• [Given data]

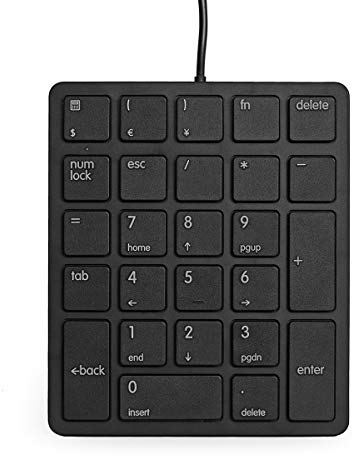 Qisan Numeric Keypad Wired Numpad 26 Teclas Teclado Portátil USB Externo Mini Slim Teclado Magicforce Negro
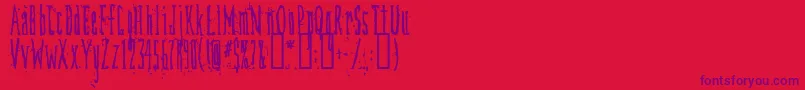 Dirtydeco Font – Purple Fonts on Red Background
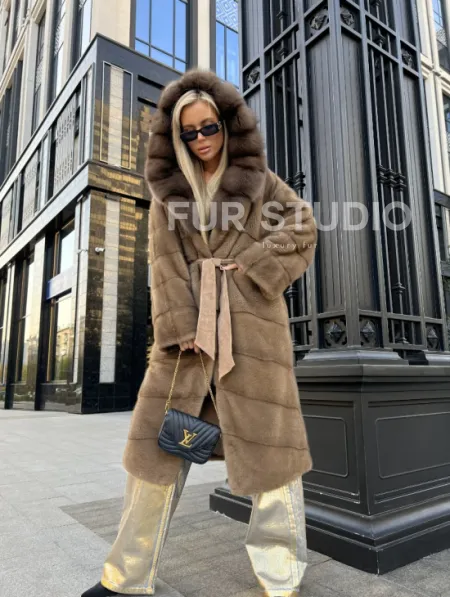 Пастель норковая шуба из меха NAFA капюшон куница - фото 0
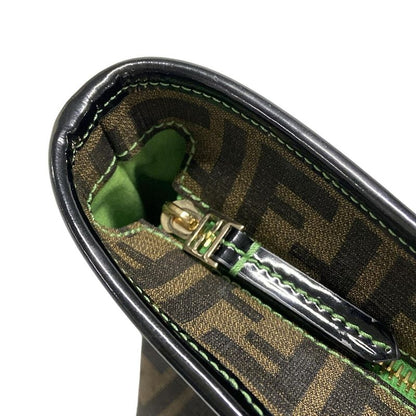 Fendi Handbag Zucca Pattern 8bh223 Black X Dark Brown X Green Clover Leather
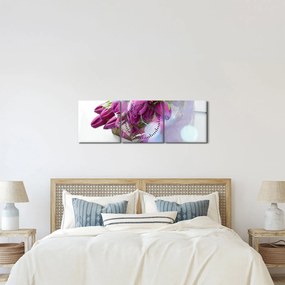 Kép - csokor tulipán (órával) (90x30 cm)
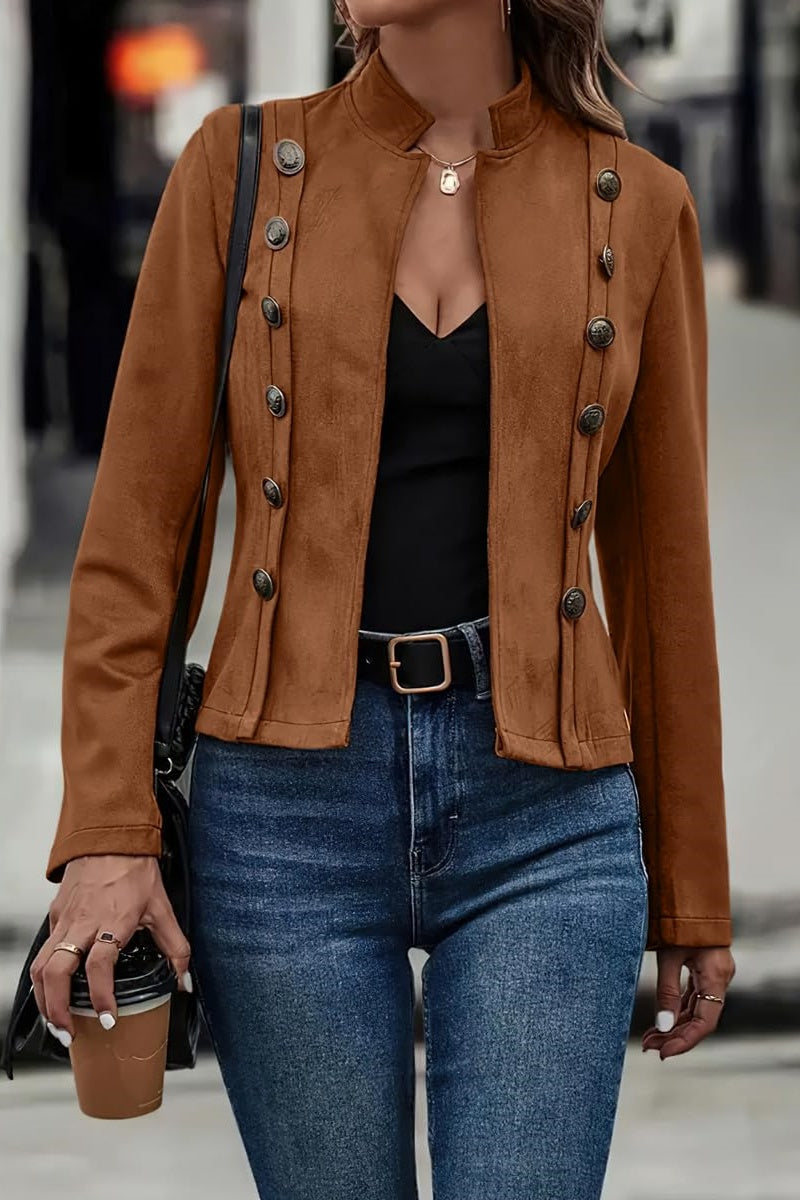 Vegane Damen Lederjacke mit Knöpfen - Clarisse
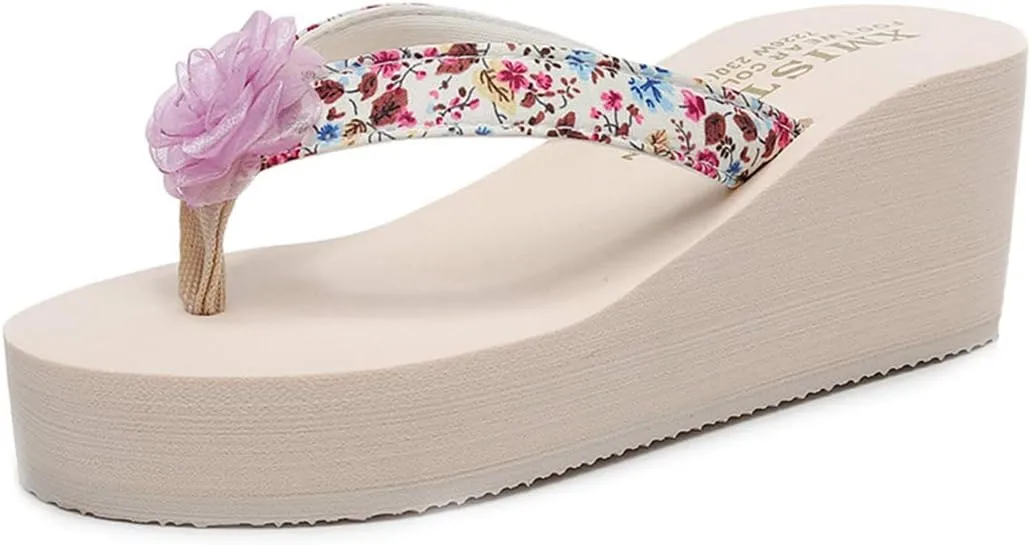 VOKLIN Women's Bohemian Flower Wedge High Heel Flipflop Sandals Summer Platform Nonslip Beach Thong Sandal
--
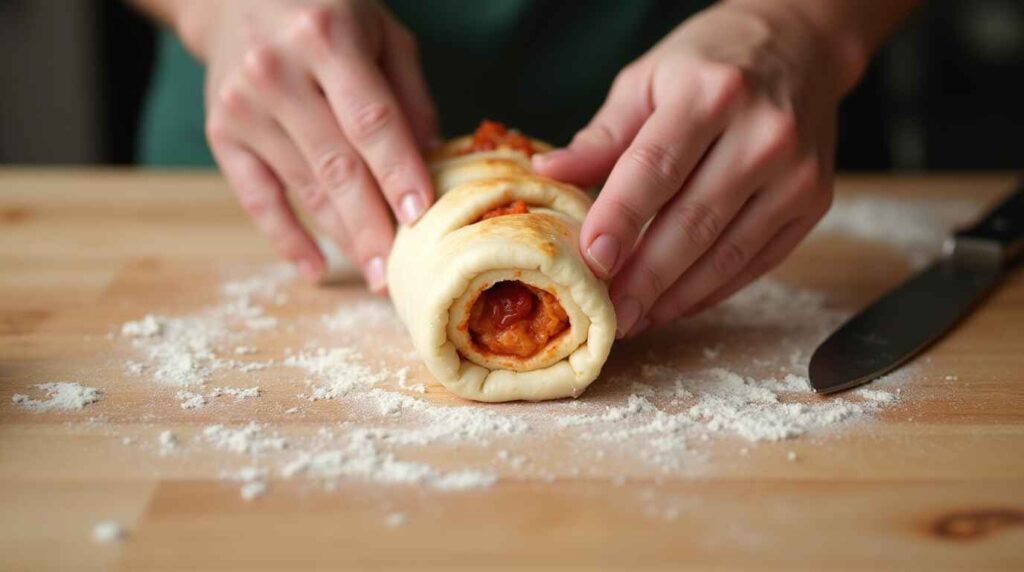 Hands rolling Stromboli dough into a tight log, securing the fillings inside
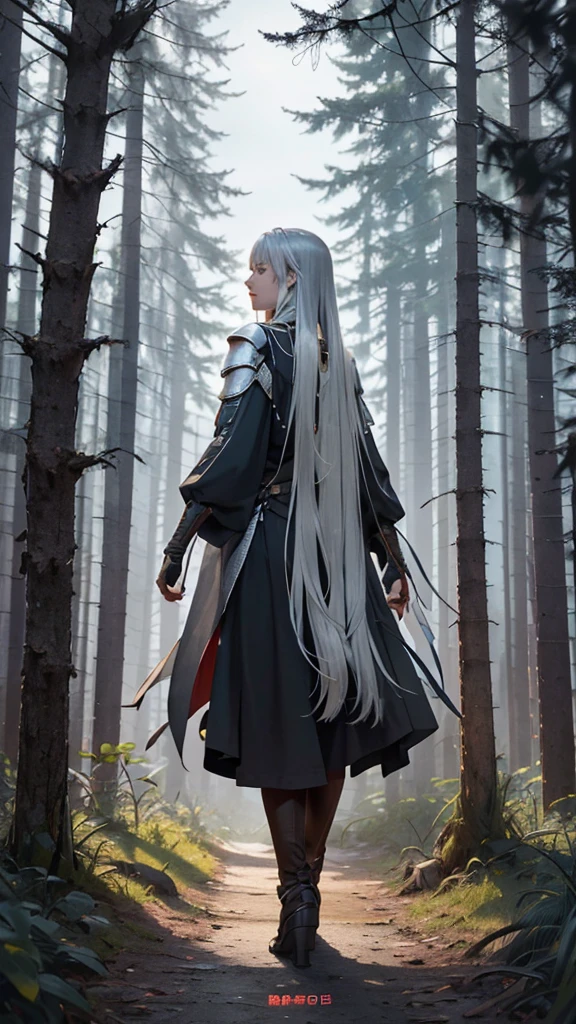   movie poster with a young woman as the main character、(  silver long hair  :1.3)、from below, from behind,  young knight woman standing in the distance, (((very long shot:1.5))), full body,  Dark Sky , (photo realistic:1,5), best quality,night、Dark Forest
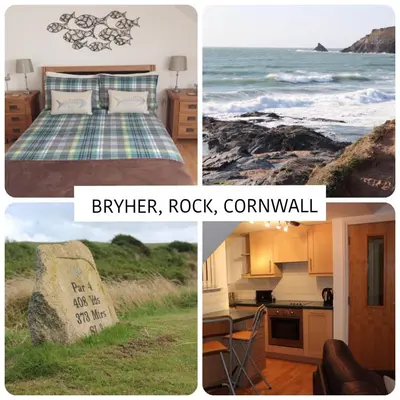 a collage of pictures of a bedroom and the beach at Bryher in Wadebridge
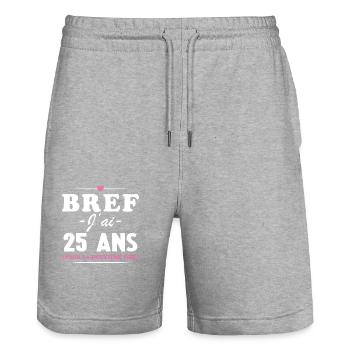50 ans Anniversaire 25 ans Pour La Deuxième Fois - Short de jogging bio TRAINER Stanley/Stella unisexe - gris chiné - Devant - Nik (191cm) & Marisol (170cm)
* * *
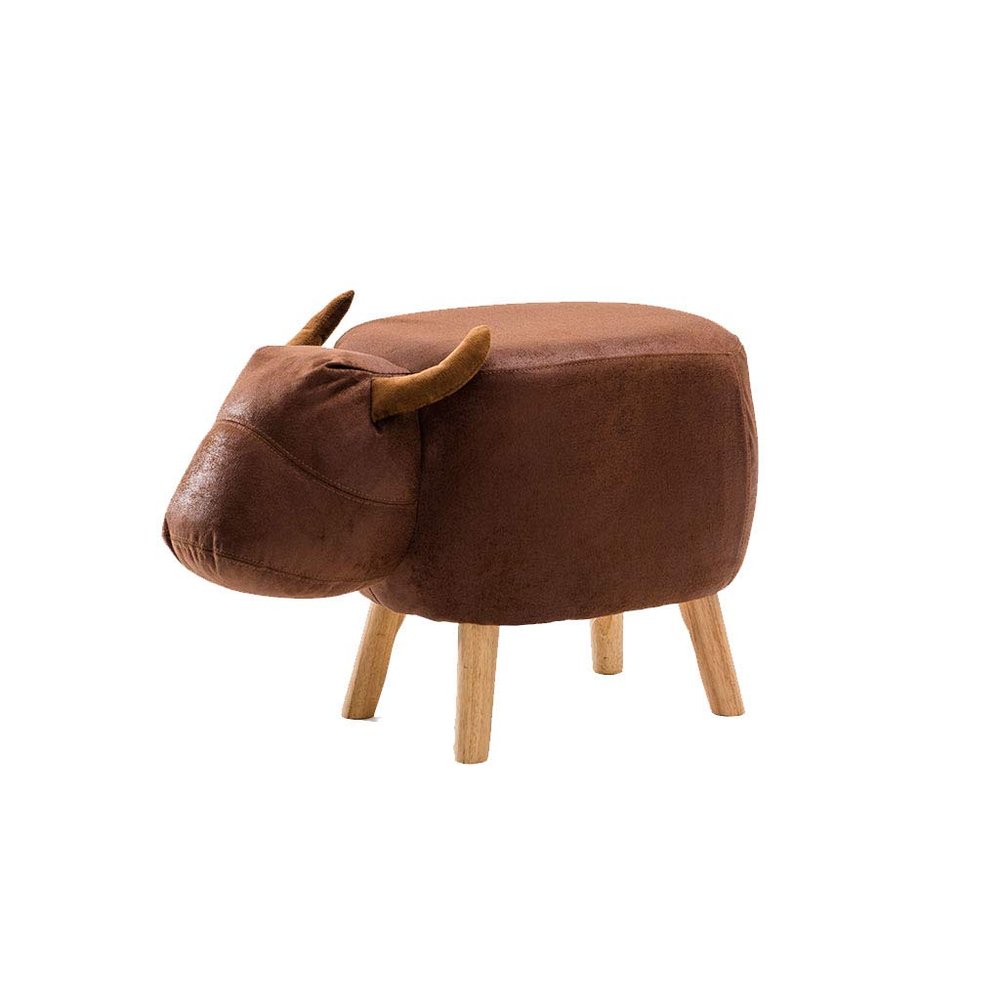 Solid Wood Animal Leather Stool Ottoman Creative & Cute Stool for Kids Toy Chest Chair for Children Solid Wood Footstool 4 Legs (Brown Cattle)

• [What to produce] When you reach the line containing "Dirtydeco Font –" in the entries above, begin restating word for word, and stop once the line containing "Vegane Damen Lederjacke" has been given. Omit the pictures.

• [Written reply]
 Dirtydeco Font – Purple Fonts on Red Background
 Пастель норковая шуба из меха NAFA капюшон куница - фото 0
 Fendi Handbag Zucca Pattern 8bh223 Black X Dark Brown X Green Clover Leather
 Kép - csokor tulipán (órával) (90x30 cm)
 Vegane Damen Lederjacke mit Knöpfen - Clarisse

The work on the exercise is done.